Lebih banyak waktu untuk hal-hal yang benar-benar menyenangkan
Sebuah wawasan yang agak dangkal juga sangat penting bagi keputusan paruh waktu banyak responden: wawasan bahwa hidup ini rapuh dan terbatas. Banyak responden mengatakan bahwa selama menjalani pekerjaan penuh waktu, mereka menyadari bahwa mereka ingin menghabiskan lebih banyak waktu terbatas mereka untuk hal-hal yang benar-benar mereka sukai. Bagi sebagian orang, peristiwa traumatis menjadi pemicu sikap baru ini – seperti kematian orang yang dicintai. Yang lain hanya menyadari keterbatasan mereka dan mengatur ulang prioritas mereka.
Beberapa responden juga memiliki tujuan yang tidak dapat mereka capai dengan pekerjaan penuh waktu. Misalnya, seorang ahli strategi media berusia 42 tahun selalu ingin menulis novel, namun tidak punya waktu untuk mengerjakannya. Dia memutuskan untuk bekerja lepas agar memiliki waktu untuk proyek kreatifnya di luar pekerjaan. Namun Anda tidak perlu tujuan seperti itu untuk menginginkan pekerjaan paruh waktu. Sebagian besar responden mengatakan mereka hanya ingin memiliki lebih banyak waktu untuk melakukan hal-hal yang mereka sukai dengan bekerja lebih sedikit.

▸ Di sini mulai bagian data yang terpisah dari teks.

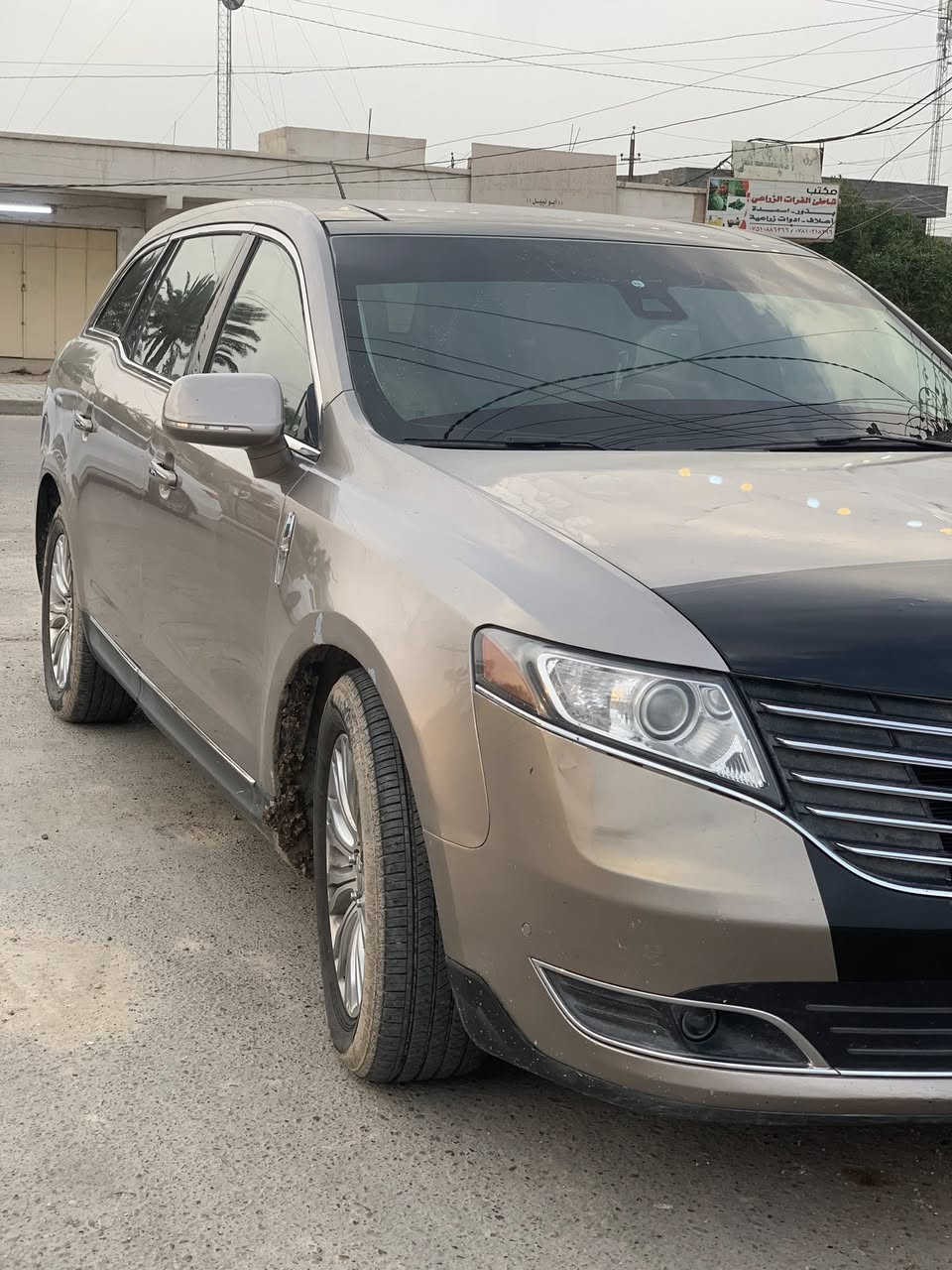 السلام عليكم ورحمة الله وبركاته.  🚗 للبيع: لينكولن موديل2019 أستيراد خاص  على أيدي سيارة عالميه من رزانه وثبات وقوة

Mereka yang lebih menghargai waktu daripada uang adalah orang yang lebih bahagia
Paruh waktu semuanya baik-baik saja, Anda mungkin berpikir – tapi bagaimana dengan bagian gaji yang hilang ketika Anda meninggalkan posisi penuh waktu? Sebagian besar responden merasakan pemotongan finansial ini; mereka menghabiskan lebih sedikit. Namun mereka tidak pernah menyesali keputusan mereka. “Banyak teman saya – yang memiliki pekerjaan bagus – menghabiskan seluruh waktunya untuk bekerja,” kata seorang mantan manajer TI berusia 54 tahun yang telah bekerja paruh waktu selama dua belas tahun. “Kemudian, ketika mereka tidak bekerja, mereka membeli lemari es termahal di dunia atau barang lain yang sebenarnya bisa Anda beli tanpanya. Siapa yang butuh kulkas setinggi delapan kaki? Jika saya mempunyai pilihan antara pekerjaan penuh waktu dan kulkas kecil, saya dengan senang hati akan memilih kulkas kecil.”
Penulis menyimpulkan hal serupa dengan pria ini. “Orang yang lebih menghargai waktu daripada uang umumnya lebih bahagia,” tulis mereka. Anggapan banyak orang salah: karyawan hanya bekerja paruh waktu ketika harus mengasuh anak di rumah. Semakin banyak orang yang memperhatikan keseimbangan kehidupan kerja dan kesejahteraan mereka – dan hal ini sering kali dapat ditingkatkan dengan bekerja paruh waktu. Hal ini juga menguntungkan pengusaha: seperti yang ditunjukkan oleh banyak penelitian, karyawan yang bahagia juga lebih produktif.